REI said Wednesday that it is looking to sell its new headquarters campus near Seattle to bolster its finances amid a steep pandemic-related sales slump.
The outdoor gear cooperative had big dreams for a new corporate campus in 2016, when it announced plans to move from Kent, Washington, to the Bellevue Spring district, 20 miles from Seattle, offering its 1,400 employees the headquarters. the latest office amenities. Those should have included features like two large outdoor patios connected by bridges and a facade with large windows and garage doors that roll up, according to Fast Company.
Unfortunately, due to the COVID-19 outbreak that led to REI stores closing for weeks, this is not the case.
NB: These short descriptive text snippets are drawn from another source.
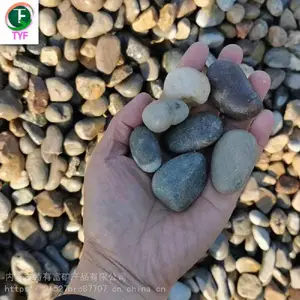 ��Ӧ����ʯ��ѹ������ʯ·��ʯ��·��·����ʯ��ˮ����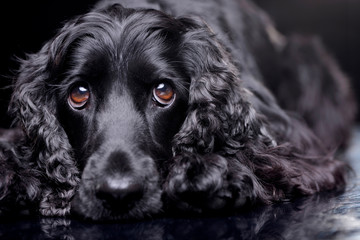 Portrait of an adorable English Cocker Spaniel
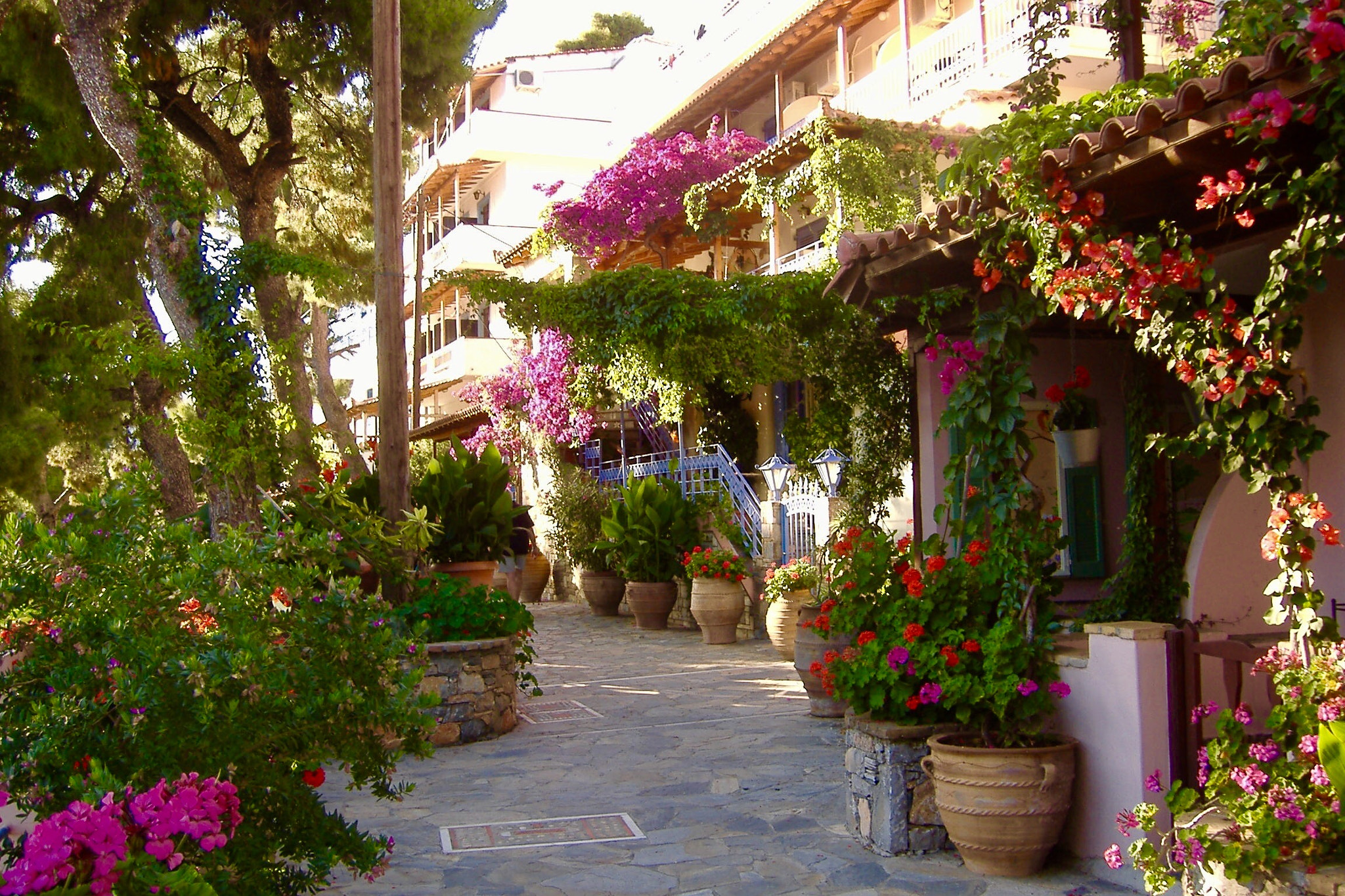 Fujifilm FinePix A345 sample photo. A street in alonissos, greece photography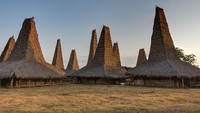 Yang pertama, ada Ratenggaro merupakan kampung adat yang masuk dalam wilayah Desa Ratenggaro, Sumba Barat Daya. Traveler bisa melihat rumah adat yang unik dengan atap menjulang tinggi. Ada pula kuburan batu peninggalan Zaman Megalitikum (Thinkstock)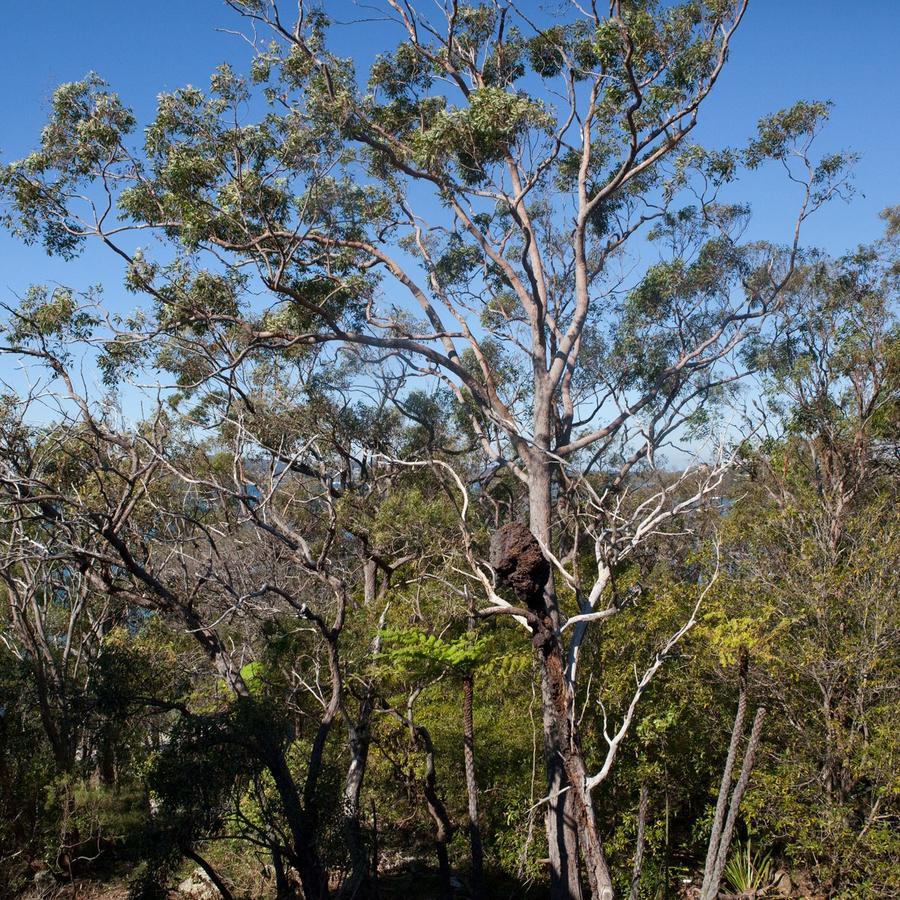 Отель Bannisters Port Stephens Солджерс-Пойнт Экстерьер фото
REI CEO Eric Artz told employees in a video call Wednesday that selling the newly completed campus, to which staff would move this summer, will likely generate profits.
According to a transcript of the call shared with Fortune, Artz said, “These dollars will play an important role in stabilizing our business through the impact of current disruptions. The CEO said that REI’s business outperformed it initially.” Did, but be warned. ” “The epidemic is over.
Before the emergence of COVID-19, REI had been on a roll. Sales increased 12.3% last year to $ 3.1 billion. But having stores closed for weeks devastated business, and the company said last month it would cut about 25% of headquarters jobs, reducing the need for so much office space. However, REI continues to open stores.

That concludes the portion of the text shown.